CJC-1295 peptide: structure and class
The CJC-1295 peptide is a GHRH-analog peptide, not a steroid and not a hormone replacement. Its backbone is hGRF(1-29), the minimal fragment of human GHRH that keeps full growth-hormone-releasing activity. Onto that backbone sit the four protease-resistant substitutions; the DAC variant adds the albumin-binding moiety [2].
The registry data is plain fine print. The molecular weight of the DAC peptide before albumin conjugation is reported at roughly 3,368 daltons, with CAS number 863288-34-0 and PubChem CID 91971820 — though registry sources disagree on the exact molecular formula, so the precise figure is one a careful reader should confirm. After the albumin bond forms, the species actually circulating in blood is the much larger peptide-albumin complex, near 66 kilodaltons. That size change is the engineering trick behind the long half-life.
What does CJC-1295 do?
In studied species, CJC-1295 binds the GHRH receptor on the pituitary's somatotroph cells and stimulates pulsatile growth-hormone release, which in turn raises liver-produced IGF-1 [1][3]. The mechanism is the same one the body uses with its own GHRH — CJC-1295 simply lasts far longer.
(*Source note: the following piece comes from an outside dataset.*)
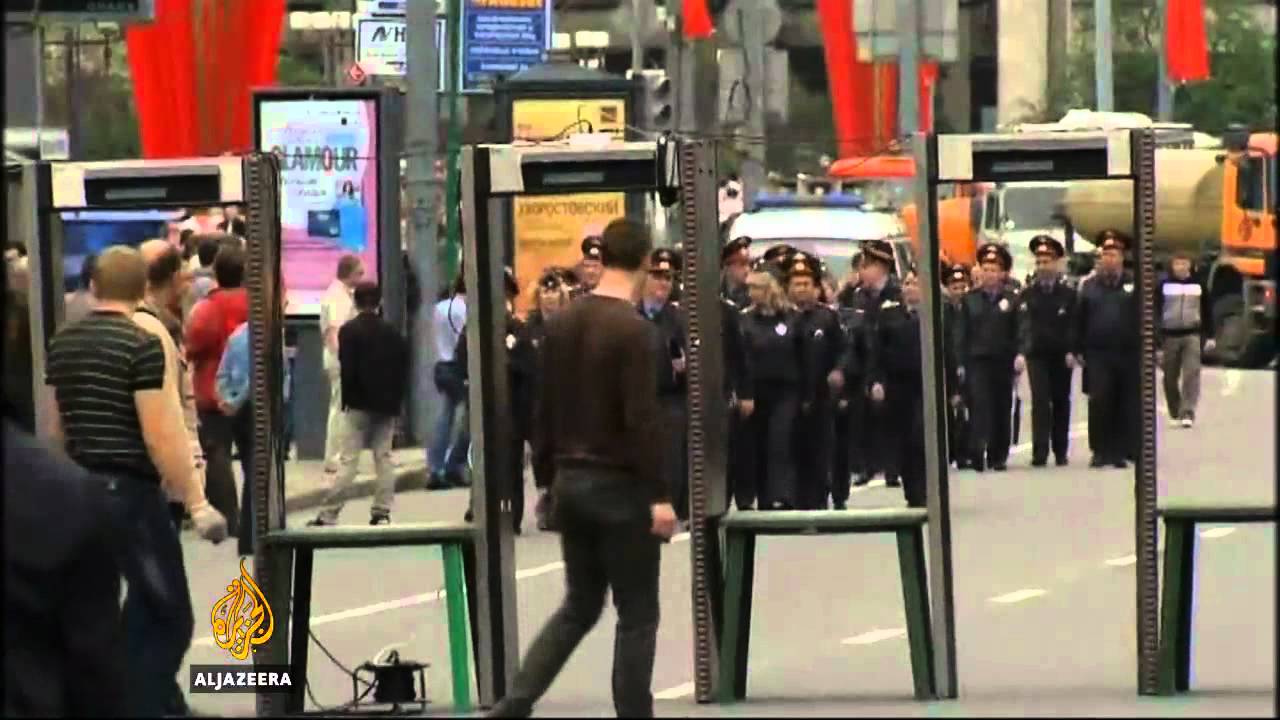احتجاجات روسية خلال حفل تنصيب بوتين - قناة الجزيرة البلقان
A notable detail kept the field interested. In healthy men, a single dose raised basal growth hormone roughly 7.5-fold and mean growth hormone about 46% one week later, yet the natural pulse-by-pulse pattern of secretion was unchanged [3]. Sustained stimulation did not flatten the rhythm. The natural pulsatility was preserved.
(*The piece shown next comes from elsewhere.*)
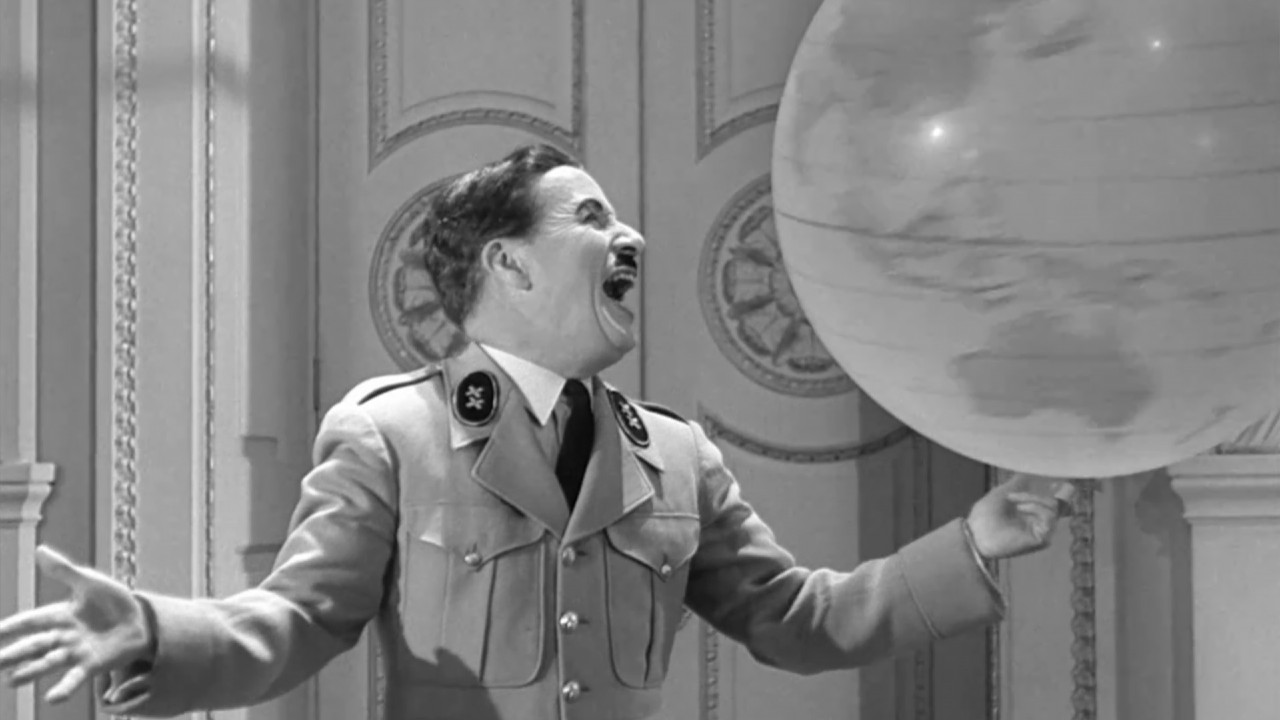 Charlie Chaplin in una scena de Il grande dittatore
The honest counterweight sits right beside that finding. The long-acting DAC development program was discontinued, no controlled longevity trial of CJC-1295 itself exists, and the compound is prohibited at all times in sport under the World Anti-Doping Agency's peptide-hormone category [6]. The common questions about CJC-1295 page covers the compound's regulatory and anti-doping status directly.
Where the human data stop
The longevity and anti-aging interest around CJC-1295 is real, and it has a coherent rationale: the GH/IGF-1 axis declines with age — a phenomenon called somatopause — and modulating it has been proposed as a strategy against age-related muscle loss [8]. Related GHRH-class work has touched wound healing [9] and bone and skin endpoints in aged animals [10]. That is the honest case for studying the axis.
The honest limit is just as important. There is no controlled longevity trial of CJC-1295 itself. The human record is short-term pharmacokinetic work, the long-acting DAC development program was discontinued, and recent reviews situate the GHRH-analog class in the research conversation rather than the evidence base [13]. This digest holds both facts at once: a mechanistically interesting compound, and a thin human record. Neither cancels the other.
How to use this digest
Four pages carry the substance. What the research shows walks the mechanism, the human pharmacokinetic studies, the CJC-1295 and ipamorelin synergy rationale, the body-composition framing, and the safety picture. CJC-1295 DAC vs no-DAC is the side-by-side on the two forms, including Modified GRF (1-29). CJC-1295 half life is the pharmacokinetics in detail. The research doses studied page reports only what was administered in published work — never a recommendation.
Every quantitative claim on this site maps to a numbered entry in the study references. Where the literature is precise, the numbers are precise. Where it is thin — and on long-term human safety it is thin — the digest says so plainly rather than filling the gap.